The DOL’s new overtime rule takes effect on January 1, 2020. Here’s what to expect and how to prepare.
It’s finally happening. On September 24, 2019, the Department of Labor (DOL) announced the new overtime rule—set to take effect on January 1, 2020.
We’ve written about it again and again and again (20 times, to be exact) over the past four years. And if that seems like a long time and a lot of updates, keep in mind the DOL discussed the topic for over a decade. The current rule was updated in 2004. This long-awaited update accounts for the steady and not insignificant increase in employee earnings since that time.
What to expect from the new overtime rule
The new rule increases the overtime salary threshold from $23,660 per year ($455 per week) to $35,568 per year ($684 per week). That makes an additional 1.3 million American workers eligible for overtime pay.
It’s not the $46,476 annual threshold promised in 2016. But along with the new overtime rule, the DOL announced its intention to update the salary threshold on a more consistent and ongoing basis. So don’t expect to wait another 15 years for the next increase.
But wait—there’s more! The new rule also:
- Raises the total annual compensation requirement for “highly compensated employees” from $100,000 to $107,432.
- Allows employers to use annual or more frequent nondiscretionary bonuses and incentive payments (including commissions) to satisfy up to 10% of the standard salary level.

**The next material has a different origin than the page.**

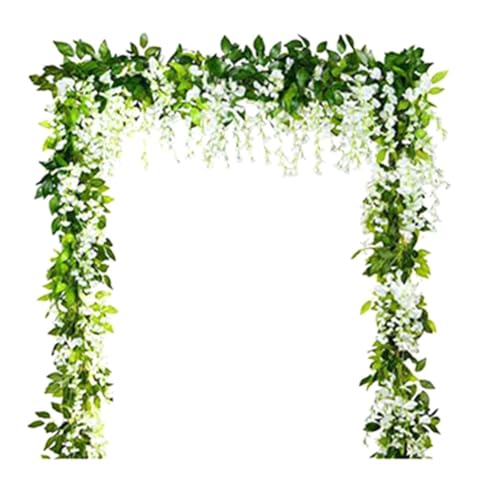 KEALBAUS 5 Stück 6,23 Füße/Stück künstliche Reben zum Aufhängen, Blumengirlande zum Aufhängen, für Blumendekoration, Hochzeitsbogen von KEALBAUS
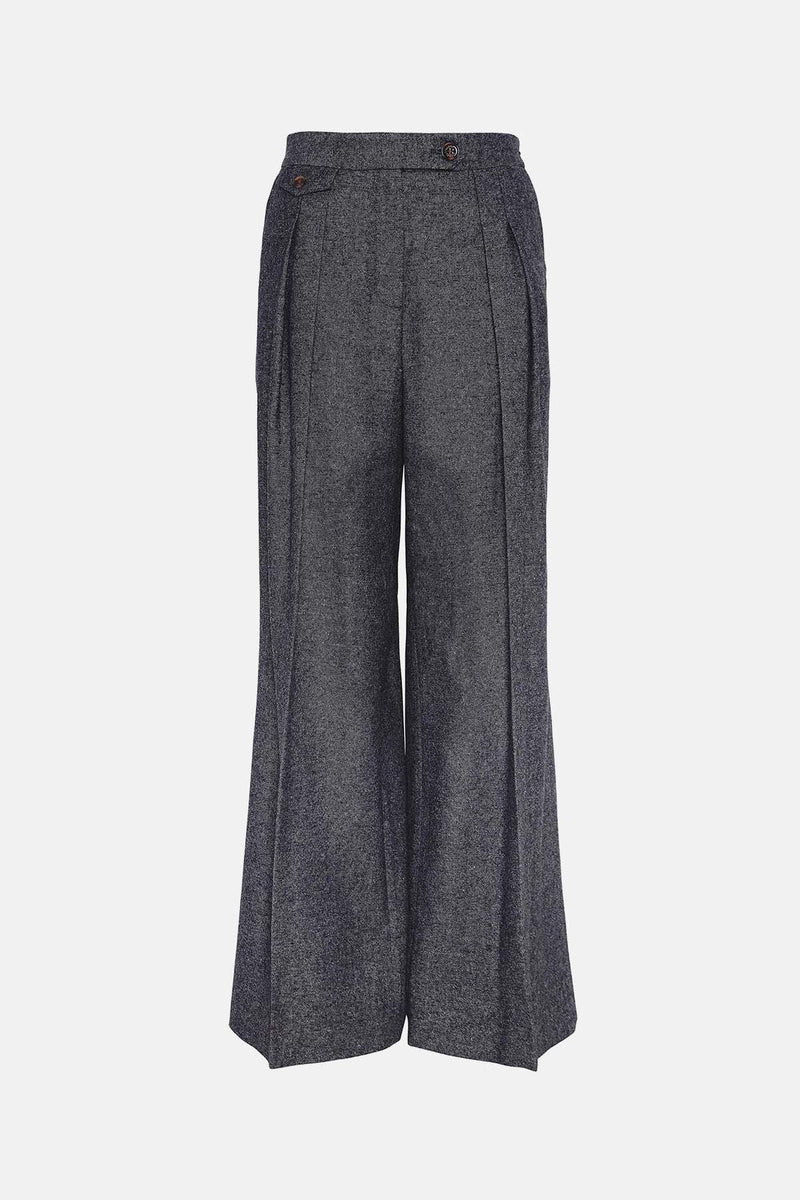 Veronica Wide-Leg Trousers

- Revises special salary levels for workers in U.S. territories and the motion picture industry.
How business owners can prepare for the new overtime rule
It’s really happening this time. They promised. So it’s time to start taking some of that advice we offered up back in 2016.
1. Review overtime, scheduling, and employee exemption policies. Some employees will need to be reclassified as nonexempt from overtime pay. But remember that employees making more than $35,568 per year aren’t automatically considered “exempt.” An employee’s job duties must also primarily involve executive, administrative, or professional duties, as defined by the DOL. Learn more about salary and duties tests on the FLSA website.
2. Start tracking employee time, like, yesterday. According to labor experts, tracking time is the best way to prepare for regulatory changes and avoid future wage and hour lawsuits. TSheets time tracking helps employees and employers keep tabs on overtime hours and maintain a real-time audit log. With accurate employee time data, you can make sound decisions about employee classifications.
3. Make any necessary changes to employee classifications before January 1, 2020. Don’t get hit with a costly wage and hour lawsuit. Overtime violations are among the most expensive and most common wage and hour violations, accounting for 83% of the money recovered from wage and hour lawsuits.
When in doubt, it’s always wise to consult with a legal advisor regarding the specific requirements of the Fair Labor Standards Act and how they impact your business.